Top 6 data preparation tips for your business
If you’ve read this far, you hopefully are convinced that you can’t deliver ML success without substantial investment in data preparation. Yet, many data scientists want to focus on the sexy part of the job (models) at the expense of adequate data preparation.
It’s relatively easy to train an ML model, and much harder and more important to understand the distribution of data and apply models accordingly. Such understanding comes through data preparation. Consider these six tips as you begin the data preparation process for various business use cases:
1. Prepare for preparation
Now that you’ve determined that data preparation is non-negotiable in your future, make a plan for who will complete which preparation tasks, on what timeline, and for what specific business purposes. This will ensure no time or resources are wasted in the preparation process.
2. Don’t pretend the data is perfect
As you prepare data, you’ll get a closer look at what’s there and will almost certainly see gaps in the data. The key is to make sure you communicate any limitations in the data to stakeholders, so you can calibrate expectations accordingly and as early as possible.
3. Tools can help, but people are essential
From the previously mentioned Anaconda report: “While data preparation and data cleansing are time-consuming and potentially tedious, automation is not the solution. Instead, having a human in the mix ensures data quality, more accurate results, and provides context for the data.”
SEE: Hiring kit: Data scientist (TechRepublic Premium)
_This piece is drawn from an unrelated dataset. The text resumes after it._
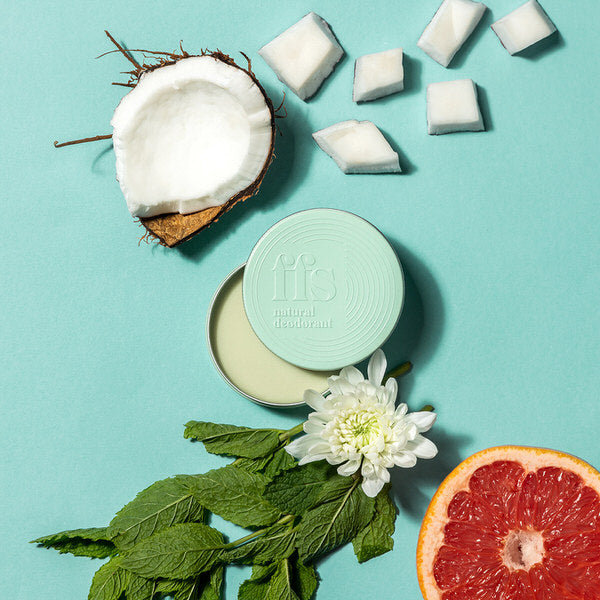 FFS Natural Deodorant surrounded by coconut, peppermint leaves and grapefruit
A savvy data scientist will know what clean data looks like and can help to shape raw data into a usable form. Make sure you’re hiring people with the requisite skills; as a bonus, look for data scientists with the leadership and mentorship skills to build up other team members.
4. Do hypothesis testing to understand your data’s distribution
One trick to getting a sense of the right distribution of your data, and thereby uncovering outliers and missing values, is to do hypothesis testing. Berkeley Lab researcher Adrian Perez has outlined a series of tests you can run to better understand data, so you can more effectively prepare it for use.
5. Prioritize data according to your use case
While it may seem obvious to, for example, consider data from your Eloqua system when working on a marketing analytics use case, this kind of human judgment is essential to prioritizing data sources for a given model.
Given time or cost constraints, you’re likely going to need to stack rank data sources that are most likely to be useful to the model for each project. Choosing which data sources will take precedence over others can help streamline the data preparation process.
6. Take data storage seriously
Many enterprises treat their data lakes like data swamps, shoving data into the repository without worrying about formatting. This is fine until you actually want to use the data. You probably don’t want to undertake the burden of rebuilding databases after the fact, so thinking ahead and standardizing data formats when data is being ingested can remove a great deal of the pain associated with data preparation.
What are some data preparation tools?
Though people are the primary component of data preparation success, there are tools on the market that can automate some of the drudgery. Some of the leaders in this market include Microsoft, Alteryx, Tableau and Zaloni, though the right data preparation tool for your business will depend on budget and specific business goals and requirements.
Disclosure: I work for MongoDB but the views expressed herein are mine.